=== SUPPLIED DATA ===
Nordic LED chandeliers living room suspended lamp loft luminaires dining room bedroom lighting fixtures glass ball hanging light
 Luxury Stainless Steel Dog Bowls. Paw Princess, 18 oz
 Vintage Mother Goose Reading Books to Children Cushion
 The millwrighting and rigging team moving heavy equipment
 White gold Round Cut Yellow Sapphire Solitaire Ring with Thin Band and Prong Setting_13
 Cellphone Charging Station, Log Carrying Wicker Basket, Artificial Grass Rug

=== WHAT TO WORK ON ===
Copy out the line holding "White gold Round" along with all lines after it through the end of the entries, exactly and only these.

=== OUTPUT FOR THIS TASK ===
 White gold Round Cut Yellow Sapphire Solitaire Ring with Thin Band and Prong Setting_13
 Cellphone Charging Station, Log Carrying Wicker Basket, Artificial Grass Rug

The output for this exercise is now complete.